This week, the New York Times reported that a group of black women about to graduate from the famed U.S. Military Academy at West Point are facing investigation from school officials over a group photo. The picture is one of many taken by students over the years as part of a tradition of “Old Corps” photographs staged to mimic historical cadet portraits. It would be an insignificant personal memento, according to the Times, but for “one key difference: The 16 women raised their clenched fists.”
The salute has set off controversy as the photo spread on social media, with some claiming the pose is an inappropriate political gesture—West Point prohibits public displays of politics from students and staff—and others arguing the pose simply reflected the women’s sense of accomplishment.
The raised fist gesture is associated with numerous political movements, and it can’t be tied to any one ideology or message. In a 2012 post on The Lede blog, the New York Times detailed some of the many movements that have adopted the gesture. Along with the civil rights groups many Americans most readily associate the imagery with, anti-Franco groups in Spain, leftists in Europe, and even white supremacists have used the salute; the Times itself was prompted to examine the salute’s history after Norwegian mass murderer Anders Breivik, known for his extreme far-right views, used it during his trial. A 2006 post on the website for design association AIGA traces the salute’s origins back to revolutionary movements in 19th century France, particularly via Romantic paintings depicting revolution events.

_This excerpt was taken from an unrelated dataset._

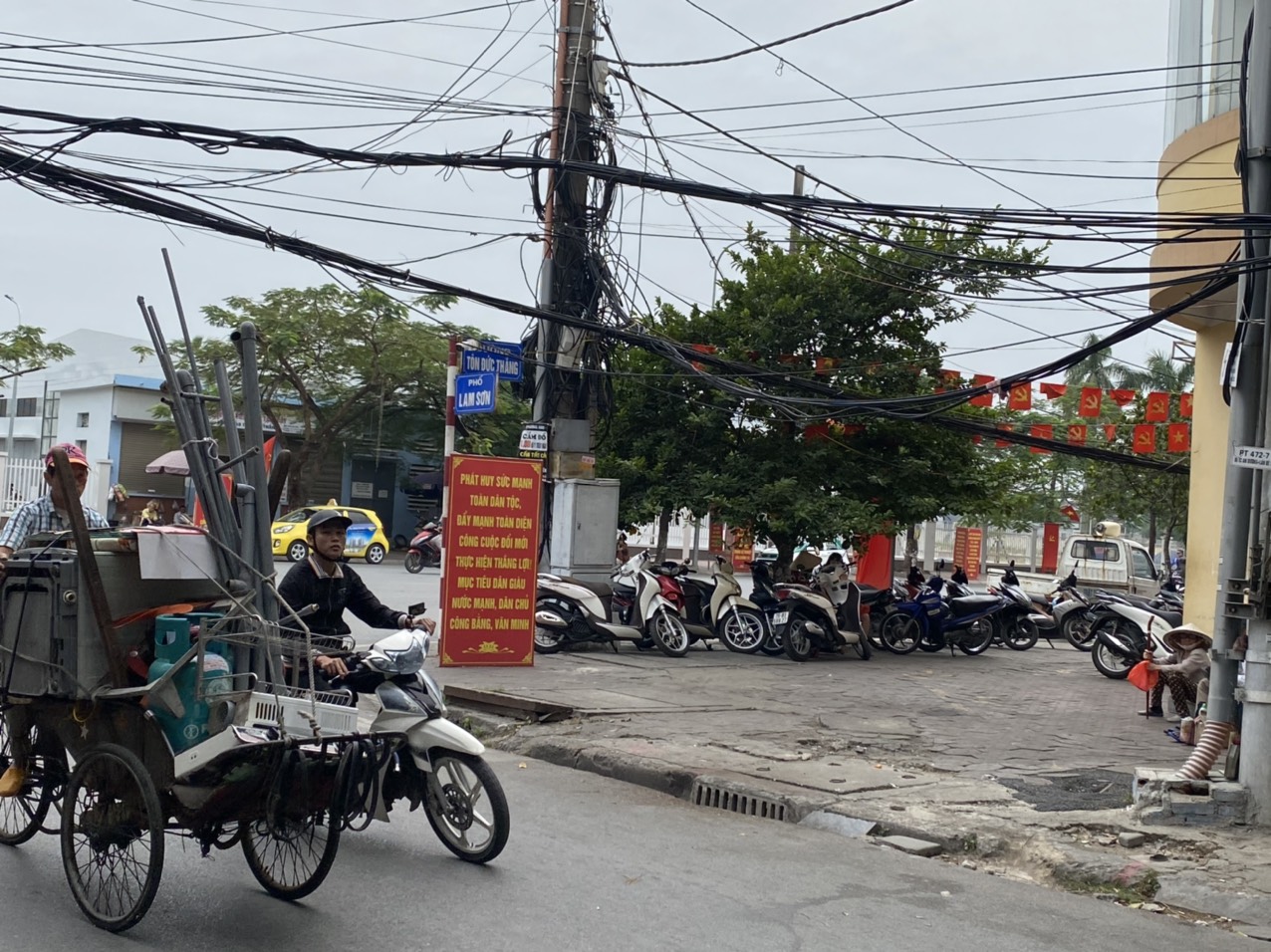 Nguy cơ mất an toàn giao thông hệ thống dây điện, cáp quang  chằng chịt ở một  số tuyến đường  trên địa bàn Thành phố.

The fist has also been repurposed for wholly apolitical purposes, with AIGA noting its use in an ad campaign for Howard Stern’s radio show. Most recently, pop superstar Beyoncé incorporated the raised fist into her 2016 Super Bowl halftime performance, triggering similar backlash.
The cadets’ supporters argue that the more apolitical use of the salute—supporter Mary Tobin described the fist to the Times as “a sign that means unity and pride and sisterhood”—was the motivation behind the photograph in question; if that’s the case, it wouldn’t be the first time the U.S. military has mistakenly ascribed political motives to innocuous gestures. In 2014, artist and photographer LaMont Hill wrote for the Smithsonian Institution’s Center for Folklife and Cultural Heritage about the history of “the dap,” a handshake developed by black GIs during the Vietnam War as an expression of solidarity. Hill explains that the gesture arose from the racial tensions within the military at the time, which included reports of white soldiers shooting black soldiers during combat, writing:
Such events, combined with the racism and segregation faced by black G.I.s, created a pressing need for an act and symbol of unity. The dap, an acronym for “dignity and pride” whose movements translate to “I’m not above you, you’re not above me, we’re side by side, we’re together,” provided just this symbol of solidarity and served as a substitute for the Black Power salute prohibited by the military.
As the dap’s popularity grew, white military officials mistakenly interpreted the gesture as “a coded language of potential black insurrection,” and promptly banned it at all levels, disciplining and even discharging black soldiers for dapping. A report produced by the Department of Defense’s Task Force on the Administration of Military Justice noted that “dapping has become a source of great friction both between the black serviceman and his white counterparts and between him and the military system.” At the same time, when black soldiers requested the banning of Confederate flags and punishment for those who displayed them, the requests fell on deaf ears, according to accounts in Fighting on Two Fronts: African Americans and the Vietnam War. Confederate flags were ultimately banned, but the rule was rarely enforced, with the flag even being paraded in front of troops during a Christmas USO show.
While it remains to be seen what punishment the cadets will face, if any, it should be noted that they certainly have reason to be proud. The Times points out that the 16 photographed cadets represent nearly all of the black women graduating from West Point this year—out of a class of about 1000, 17 (1.7%) are black women. And as Mary Tobin pointed out to the Times, graduating from the highly-regarded military academy means that they have done “what only a few people, male or female, have ever done in this country.”